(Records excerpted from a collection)
..........
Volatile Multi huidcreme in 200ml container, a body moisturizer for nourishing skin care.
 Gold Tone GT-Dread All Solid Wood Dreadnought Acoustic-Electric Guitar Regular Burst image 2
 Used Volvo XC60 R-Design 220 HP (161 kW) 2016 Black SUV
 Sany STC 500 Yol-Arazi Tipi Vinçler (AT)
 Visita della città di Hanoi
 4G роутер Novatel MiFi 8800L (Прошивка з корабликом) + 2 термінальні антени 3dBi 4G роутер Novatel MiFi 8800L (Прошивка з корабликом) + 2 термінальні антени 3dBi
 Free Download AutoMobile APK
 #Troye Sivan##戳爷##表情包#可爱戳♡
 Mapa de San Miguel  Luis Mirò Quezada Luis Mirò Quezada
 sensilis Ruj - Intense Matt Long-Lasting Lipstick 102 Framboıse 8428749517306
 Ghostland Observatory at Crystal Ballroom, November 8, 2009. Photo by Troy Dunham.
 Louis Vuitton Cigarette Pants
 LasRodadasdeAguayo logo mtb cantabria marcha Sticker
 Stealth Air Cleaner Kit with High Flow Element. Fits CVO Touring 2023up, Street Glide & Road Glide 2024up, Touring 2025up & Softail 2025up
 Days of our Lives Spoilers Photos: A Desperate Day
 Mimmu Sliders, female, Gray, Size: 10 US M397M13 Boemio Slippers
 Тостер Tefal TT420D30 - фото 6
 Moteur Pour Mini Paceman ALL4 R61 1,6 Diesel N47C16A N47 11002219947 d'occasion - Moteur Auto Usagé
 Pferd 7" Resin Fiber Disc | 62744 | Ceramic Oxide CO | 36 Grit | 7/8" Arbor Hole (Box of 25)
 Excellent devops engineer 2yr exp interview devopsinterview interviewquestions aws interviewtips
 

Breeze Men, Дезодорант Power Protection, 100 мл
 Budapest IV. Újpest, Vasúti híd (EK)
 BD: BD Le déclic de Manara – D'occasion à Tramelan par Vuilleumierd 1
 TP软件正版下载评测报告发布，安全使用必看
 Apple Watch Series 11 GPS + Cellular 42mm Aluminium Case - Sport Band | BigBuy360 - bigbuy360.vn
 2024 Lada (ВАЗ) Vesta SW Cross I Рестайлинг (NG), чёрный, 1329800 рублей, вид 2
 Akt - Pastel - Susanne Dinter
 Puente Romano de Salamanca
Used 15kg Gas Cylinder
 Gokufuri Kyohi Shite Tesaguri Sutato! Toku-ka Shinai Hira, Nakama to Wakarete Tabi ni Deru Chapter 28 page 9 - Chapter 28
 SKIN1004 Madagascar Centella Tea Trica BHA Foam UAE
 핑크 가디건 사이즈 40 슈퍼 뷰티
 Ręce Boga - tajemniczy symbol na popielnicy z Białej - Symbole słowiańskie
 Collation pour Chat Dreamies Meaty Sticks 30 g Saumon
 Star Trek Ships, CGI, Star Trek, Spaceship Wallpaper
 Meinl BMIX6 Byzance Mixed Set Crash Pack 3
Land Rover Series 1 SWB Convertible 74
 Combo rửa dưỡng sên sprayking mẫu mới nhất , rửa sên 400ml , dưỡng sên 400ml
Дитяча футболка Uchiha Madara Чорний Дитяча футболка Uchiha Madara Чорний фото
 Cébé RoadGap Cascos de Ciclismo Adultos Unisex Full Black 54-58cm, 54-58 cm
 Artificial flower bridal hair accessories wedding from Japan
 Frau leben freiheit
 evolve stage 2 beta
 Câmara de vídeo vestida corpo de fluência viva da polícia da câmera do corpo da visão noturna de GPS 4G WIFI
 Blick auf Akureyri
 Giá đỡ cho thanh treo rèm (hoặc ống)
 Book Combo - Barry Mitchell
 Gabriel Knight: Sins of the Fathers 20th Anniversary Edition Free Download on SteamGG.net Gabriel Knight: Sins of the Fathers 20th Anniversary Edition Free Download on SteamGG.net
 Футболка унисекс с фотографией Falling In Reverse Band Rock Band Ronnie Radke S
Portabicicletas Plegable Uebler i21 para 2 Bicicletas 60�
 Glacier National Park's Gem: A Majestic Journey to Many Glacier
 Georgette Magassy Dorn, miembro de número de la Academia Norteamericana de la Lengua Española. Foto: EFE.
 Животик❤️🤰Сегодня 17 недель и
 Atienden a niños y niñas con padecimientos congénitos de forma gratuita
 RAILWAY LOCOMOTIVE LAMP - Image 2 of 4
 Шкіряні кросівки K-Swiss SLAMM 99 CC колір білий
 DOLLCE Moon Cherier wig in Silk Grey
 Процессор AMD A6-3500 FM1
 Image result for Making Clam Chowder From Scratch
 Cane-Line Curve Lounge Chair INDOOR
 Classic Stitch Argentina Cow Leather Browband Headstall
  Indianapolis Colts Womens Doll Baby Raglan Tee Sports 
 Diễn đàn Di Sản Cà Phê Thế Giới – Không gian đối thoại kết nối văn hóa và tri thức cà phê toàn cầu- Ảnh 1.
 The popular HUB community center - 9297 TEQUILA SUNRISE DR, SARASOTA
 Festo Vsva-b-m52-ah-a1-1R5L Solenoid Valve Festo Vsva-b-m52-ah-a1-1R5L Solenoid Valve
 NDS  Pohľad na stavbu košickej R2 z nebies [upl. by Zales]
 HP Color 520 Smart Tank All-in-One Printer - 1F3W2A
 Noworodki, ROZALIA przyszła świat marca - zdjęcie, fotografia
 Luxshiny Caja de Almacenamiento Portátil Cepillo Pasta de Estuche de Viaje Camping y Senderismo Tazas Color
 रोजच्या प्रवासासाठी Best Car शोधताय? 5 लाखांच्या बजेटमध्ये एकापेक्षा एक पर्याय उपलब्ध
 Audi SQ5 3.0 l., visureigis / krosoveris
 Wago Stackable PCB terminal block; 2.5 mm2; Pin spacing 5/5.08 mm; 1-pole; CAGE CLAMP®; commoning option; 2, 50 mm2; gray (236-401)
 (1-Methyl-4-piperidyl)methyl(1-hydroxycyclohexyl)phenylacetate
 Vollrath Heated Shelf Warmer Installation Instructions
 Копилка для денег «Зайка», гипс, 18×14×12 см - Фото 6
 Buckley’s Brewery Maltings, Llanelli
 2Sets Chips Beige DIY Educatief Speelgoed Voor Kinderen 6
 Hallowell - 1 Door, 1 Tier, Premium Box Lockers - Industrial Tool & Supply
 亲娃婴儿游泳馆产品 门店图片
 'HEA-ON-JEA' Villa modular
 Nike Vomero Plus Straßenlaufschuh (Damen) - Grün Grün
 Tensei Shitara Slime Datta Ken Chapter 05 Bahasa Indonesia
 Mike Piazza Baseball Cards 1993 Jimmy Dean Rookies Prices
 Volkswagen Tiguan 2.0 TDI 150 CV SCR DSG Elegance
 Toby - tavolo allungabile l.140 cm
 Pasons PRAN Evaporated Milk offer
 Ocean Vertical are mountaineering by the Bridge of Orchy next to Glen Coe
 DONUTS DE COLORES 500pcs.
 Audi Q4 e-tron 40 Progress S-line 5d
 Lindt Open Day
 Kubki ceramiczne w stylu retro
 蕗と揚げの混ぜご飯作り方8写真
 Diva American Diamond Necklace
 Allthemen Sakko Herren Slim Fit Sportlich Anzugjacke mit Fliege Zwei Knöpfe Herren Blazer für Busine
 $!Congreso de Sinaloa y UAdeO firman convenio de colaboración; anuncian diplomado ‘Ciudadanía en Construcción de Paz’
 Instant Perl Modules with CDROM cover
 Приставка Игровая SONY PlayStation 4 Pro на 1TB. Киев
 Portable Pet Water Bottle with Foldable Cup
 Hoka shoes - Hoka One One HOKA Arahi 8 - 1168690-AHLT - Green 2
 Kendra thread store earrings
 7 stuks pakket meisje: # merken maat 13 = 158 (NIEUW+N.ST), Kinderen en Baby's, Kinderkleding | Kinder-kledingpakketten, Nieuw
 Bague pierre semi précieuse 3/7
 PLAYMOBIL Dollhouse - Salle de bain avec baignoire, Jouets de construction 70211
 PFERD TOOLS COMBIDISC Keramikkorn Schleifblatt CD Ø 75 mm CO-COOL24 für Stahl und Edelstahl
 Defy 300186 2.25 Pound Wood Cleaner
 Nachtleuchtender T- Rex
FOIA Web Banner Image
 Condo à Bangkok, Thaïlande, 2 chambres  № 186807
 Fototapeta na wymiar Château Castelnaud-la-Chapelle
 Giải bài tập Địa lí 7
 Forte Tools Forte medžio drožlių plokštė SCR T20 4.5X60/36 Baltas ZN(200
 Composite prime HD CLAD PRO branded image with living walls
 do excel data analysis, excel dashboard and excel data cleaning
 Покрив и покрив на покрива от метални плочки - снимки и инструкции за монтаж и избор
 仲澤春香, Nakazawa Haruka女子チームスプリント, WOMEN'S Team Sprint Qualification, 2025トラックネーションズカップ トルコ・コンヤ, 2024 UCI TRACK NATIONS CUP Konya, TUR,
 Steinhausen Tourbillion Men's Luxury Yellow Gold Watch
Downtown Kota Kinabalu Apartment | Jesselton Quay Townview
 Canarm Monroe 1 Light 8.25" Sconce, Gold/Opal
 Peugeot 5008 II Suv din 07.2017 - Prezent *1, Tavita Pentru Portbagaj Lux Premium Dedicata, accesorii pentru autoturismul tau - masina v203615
..........
▶ [Exercise objective]:
From the entries above, return exactly the line containing "Land Rover Series 1 SWB Convertible 74", the line containing "Book Combo - Barry Mitchell", and all lines between, and nothing else.

▶ [Answer box]:
Land Rover Series 1 SWB Convertible 74
 Combo rửa dưỡng sên sprayking mẫu mới nhất , rửa sên 400ml , dưỡng sên 400ml
Дитяча футболка Uchiha Madara Чорний Дитяча футболка Uchiha Madara Чорний фото
 Cébé RoadGap Cascos de Ciclismo Adultos Unisex Full Black 54-58cm, 54-58 cm
 Artificial flower bridal hair accessories wedding from Japan
 Frau leben freiheit
 evolve stage 2 beta
 Câmara de vídeo vestida corpo de fluência viva da polícia da câmera do corpo da visão noturna de GPS 4G WIFI
 Blick auf Akureyri
 Giá đỡ cho thanh treo rèm (hoặc ống)
 Book Combo - Barry Mitchell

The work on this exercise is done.